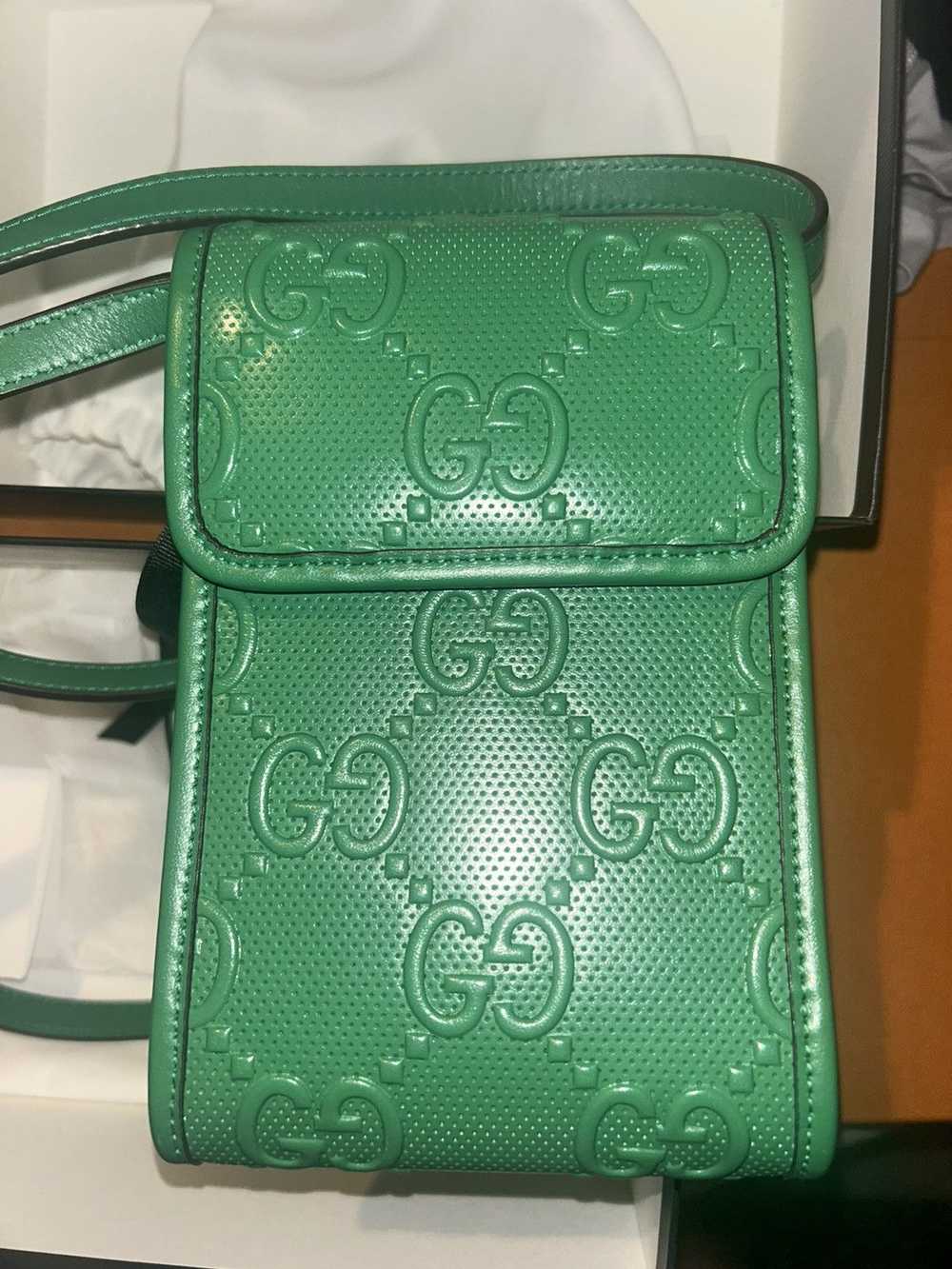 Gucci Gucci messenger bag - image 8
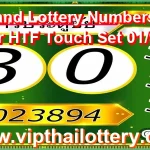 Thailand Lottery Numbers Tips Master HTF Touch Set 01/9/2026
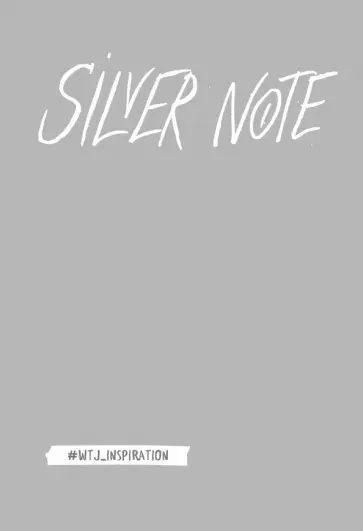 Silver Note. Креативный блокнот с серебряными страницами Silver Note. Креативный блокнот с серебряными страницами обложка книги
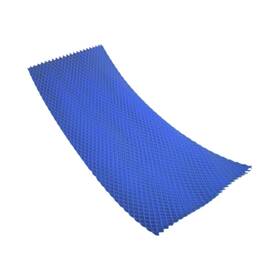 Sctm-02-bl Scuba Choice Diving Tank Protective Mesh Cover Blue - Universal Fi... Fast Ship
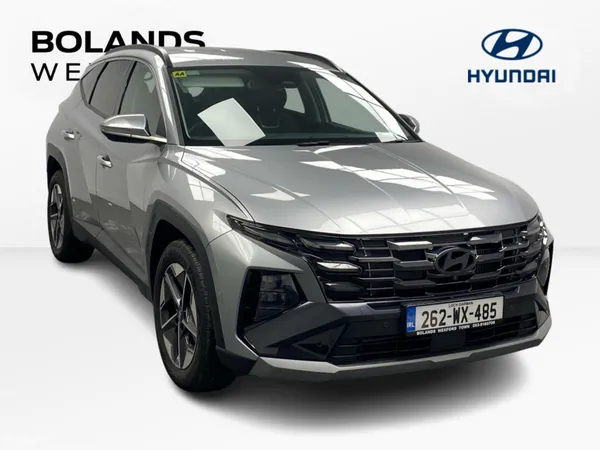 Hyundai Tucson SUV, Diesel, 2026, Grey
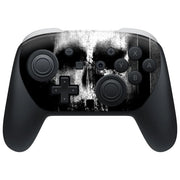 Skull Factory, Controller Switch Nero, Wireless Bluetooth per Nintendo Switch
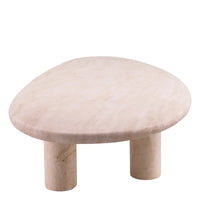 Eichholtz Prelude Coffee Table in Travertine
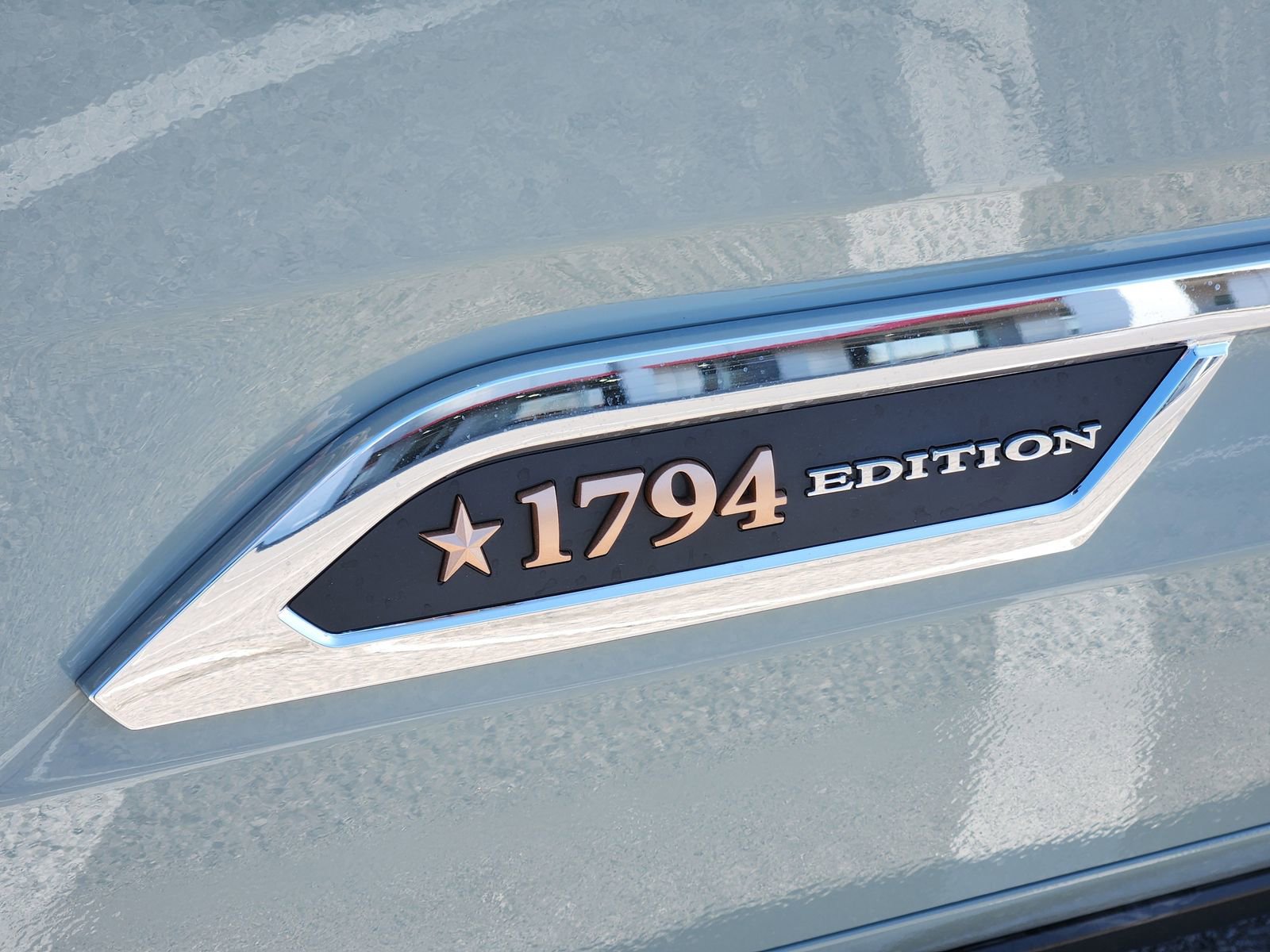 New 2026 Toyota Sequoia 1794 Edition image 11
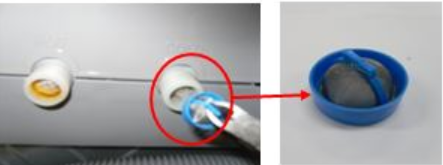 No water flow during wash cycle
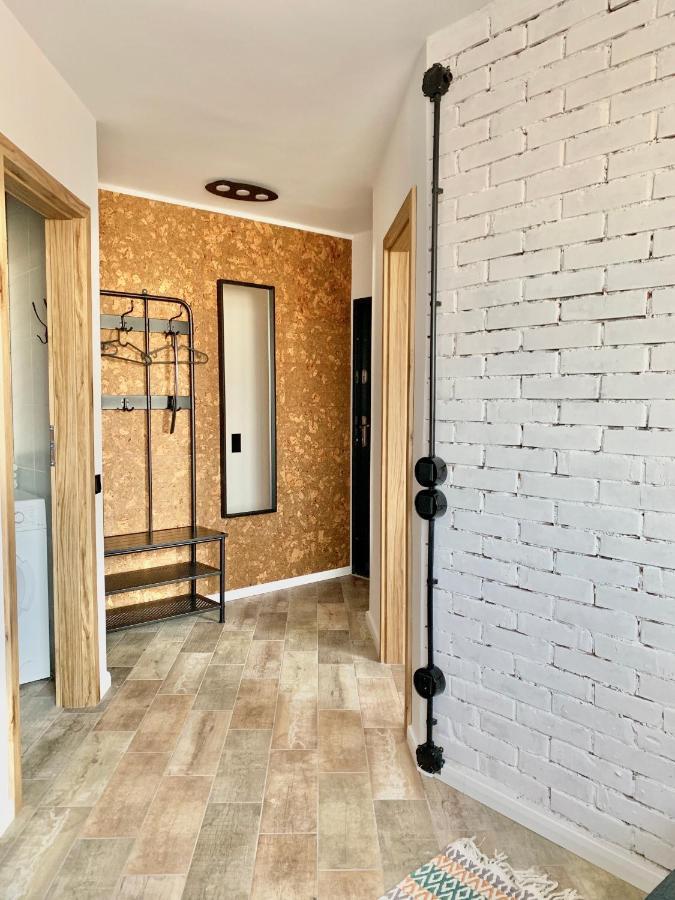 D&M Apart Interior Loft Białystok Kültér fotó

------

Directions: Pictures are not part of the copy. Please reproduce the material word for word.

Solution to this task:
 Gucci Gucci messenger bag - image 8
 Thailand Lottery Numbers Tips Master HTF Touch Set 01/9/2026
 Silver Note. Креативный блокнот с серебряными страницами Silver Note. Креативный блокнот с серебряными страницами обложка книги
 Sctm-02-bl Scuba Choice Diving Tank Protective Mesh Cover Blue - Universal Fi... Fast Ship
 Hyundai Tucson SUV, Diesel, 2026, Grey
 Skull Factory, Controller Switch Nero, Wireless Bluetooth per Nintendo Switch
 Eichholtz Prelude Coffee Table in Travertine
 New 2026 Toyota Sequoia 1794 Edition image 11
 No water flow during wash cycle
 D&M Apart Interior Loft Białystok Kültér fotó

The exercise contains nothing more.